Summary
- CareTrust REIT has weathered the past 3 years rather well, and has raised its dividend every year since 2014.
- It's seeing occupancy gains and has strong overall tenant rent coverage.
- I also highlight the outlook, balance sheet, valuation, and other important points.
It's no secret that many healthcare REITs have had a hard time in recent years, with pandemic concerns giving way to labor shortages and wage inflation. While it's easy to be bearish on this sector, value investors may also find long-term opportunity in some names while their chips are down.
This brings me to CareTrust REIT (CTRE), which continues to trade in value territory while offering investors a well above average yield. In this article, I highlight what makes CTRE a decent buy for income and long-term capital appreciation potential at present.
Why CTRE?
CareTrust is a net lease REIT that specializes in the ownership, acquisition, and development of skilled nursing facilities, representing 74% of its annual base rent. In addition, CTRE also has exposure to multi-service campus and seniors housing which represent 18% and 8% of its ABR, respectively.
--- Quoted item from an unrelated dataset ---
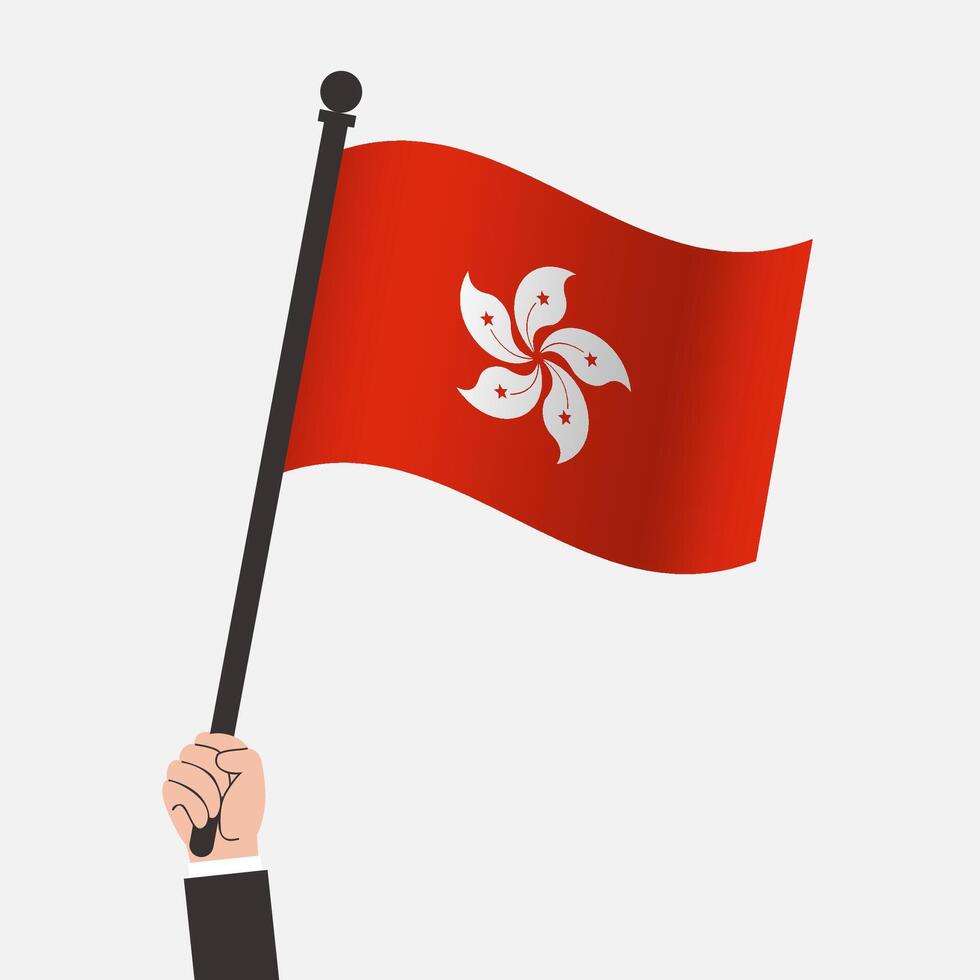 Hand Holding Hong Kong Waving Flag vector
Notably, CTRE has reduced its exposure to seniors housing, which represented 13% of ABR at the end of 2021. I view this as being a prudent move, since seniors housing has been plagued by new supply and a less-assured private pay model (as opposed to government pay skilled nursing facilities), leading to well-respected names like Welltower (WELL) and Ventas (VTR) having to cut their dividends in recent years. CTRE, on the other hand, raised its dividend every year since it was spun off from the Ensign Group (ENSG) in 2014, including over the past 3 tumultuous years.
Meanwhile, CTRE is demonstrating positive signs, as it collected 95.5% of contractual rents and generated normalized FAD per share of $0.40 during the fourth quarter. This equates to a safe 69% payout ratio.
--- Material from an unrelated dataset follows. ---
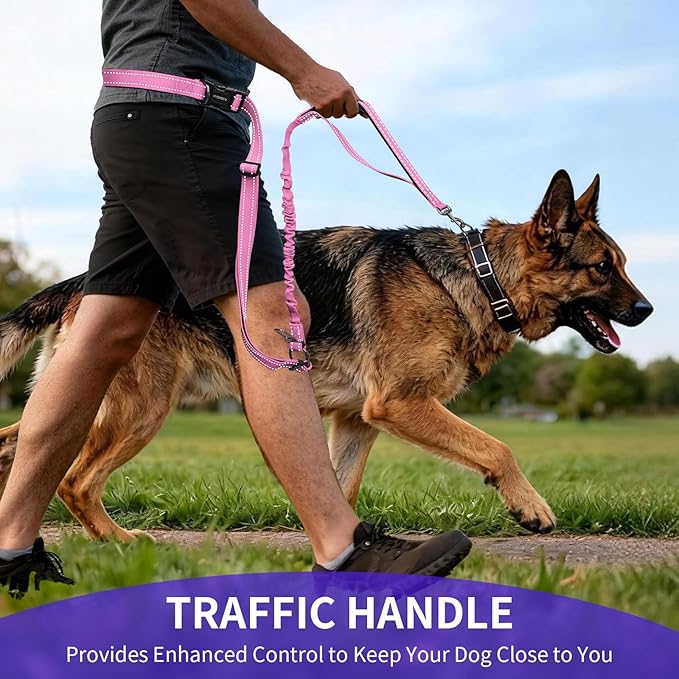 Kazazoo Hands-Free Dog Leash with 5.5-8.5FT Adjustable Length - Heavy Duty No Pull Bungee Design, Reflective Safety for Walking, Jogging & Training | Suitable for Medium to Large Dogs,M Size-Pink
Also encouraging, fourth quarter occupancy for both skilled nursing and seniors housing rose by 70 basis points sequentially compared to Q3, landing at 74% and 77%, respectively, and are edging their way towards their pre-pandemic rates of 78% and 81%.
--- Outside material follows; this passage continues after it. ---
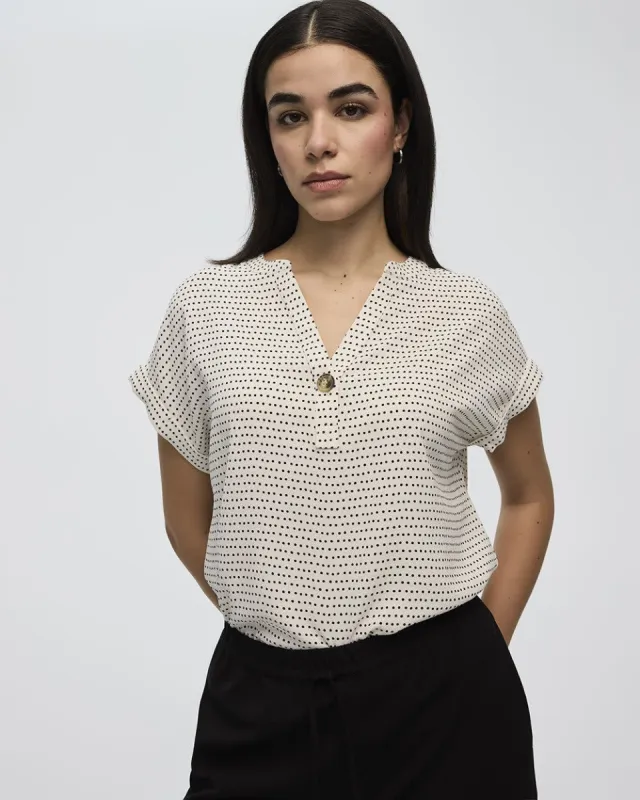 Extended-Sleeve Split-Neck Blouse sold by Reitmans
CTRE's overall tenant base is also appears to be healthy, as its top 10 tenants account for 89% of contractual rent, and have EBITDAR and EBITDARM coverages of 2.1x and 2.7x, respectively. When excluding for one tenant (comprising 2.8% of ABR) that hasn't paid rent since November of 2022, the "all other" tenant category has still adequate EBITDAR and EBITDARM coverage of 1.08x and 1.8x.
Looking forward, the Biden Administration has announced an end to the Public Health Emergency related to COVID-19 in May of this year, and as management noted, many states have implemented policies to assist healthcare providers. While this may be viewed as introducing near-term uncertainty for CTRE, management views it as an opportunity, they believe it will result in attractive acquisition opportunities as the end to PHE may force some providers to sell their properties.
This is supported by CTRE having one of the best balance sheets amongst REITs, with a net debt to annualized EBITDA ratio of 3.7x, sitting well below the 6.0x level that's generally considered to be safe for REITs, and below the 4.0x to 5.0x company target leverage range. CTRE also has plenty of liquidity, with $465 million in available capital on its revolving credit line and an additional $20 million in cash on hand.
This means that where others see difficulty, CTRE sees opportunity, as higher interest rates mean that those with strong balance sheets can edge out more leveraged players. This was supported by management's comments during the recent earnings release :
The rising cost of debt is impacting many potential buyers and we're seeing sellers and brokers prioritize certainty more than ever before. We believe this to be a primary driver for the increase in deals crossing our desk.
We are encouraged by the increased deal flow and we are beginning to see signs of sellers' pricing expectations adjusting to the world we live in today. We are actively pursuing opportunities for external growth both with current and future operating partners.
Lastly, I find CTRE to be attractively priced at $19.91 with a forward P/FFO of 13.5. This appears to be low considering the quality of CTRE's balance sheet, its tenant base, and the long-term growth prospects of the skilled nursing industry due to the fast-growing age 65+ cohort. Analysts expect 5.5% FFO per share growth next year, and have a consensus Buy rating on the stock with an average price target of $21 .
Investor Takeaway
CTRE is an attractive REIT for income investors, as it has a safe payout ratio and has been consistently raising its dividend since 2014. Additionally, CTRE's strong balance sheet and deep liquidity afford it the opportunity to take advantage of potential acquisition opportunities in the coming year. As such, income investors may want to take advantage of CTRE's current attractive 5.5% dividend yield combined with long-term growth potential.